**What this task involves:** Only one span belongs in the answer: the line holding "Canon EOS-1Ds Mark" through the last line of the entries below, retyped exactly.

**Task data:**
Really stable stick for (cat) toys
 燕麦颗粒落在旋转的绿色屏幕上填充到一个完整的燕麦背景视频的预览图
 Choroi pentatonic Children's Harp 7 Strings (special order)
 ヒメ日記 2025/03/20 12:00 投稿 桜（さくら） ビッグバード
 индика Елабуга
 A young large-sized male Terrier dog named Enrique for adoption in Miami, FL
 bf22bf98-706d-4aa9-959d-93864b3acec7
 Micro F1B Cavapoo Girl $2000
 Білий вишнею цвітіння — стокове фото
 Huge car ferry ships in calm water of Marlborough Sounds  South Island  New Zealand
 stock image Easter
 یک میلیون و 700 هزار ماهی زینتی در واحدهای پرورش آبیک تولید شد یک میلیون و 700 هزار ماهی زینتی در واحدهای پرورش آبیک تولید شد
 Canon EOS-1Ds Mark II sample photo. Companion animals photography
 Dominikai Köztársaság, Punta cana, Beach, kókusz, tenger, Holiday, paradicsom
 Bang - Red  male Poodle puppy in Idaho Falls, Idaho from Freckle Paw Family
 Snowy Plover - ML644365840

**Completed exercise:**
 Canon EOS-1Ds Mark II sample photo. Companion animals photography
 Dominikai Köztársaság, Punta cana, Beach, kókusz, tenger, Holiday, paradicsom
 Bang - Red  male Poodle puppy in Idaho Falls, Idaho from Freckle Paw Family
 Snowy Plover - ML644365840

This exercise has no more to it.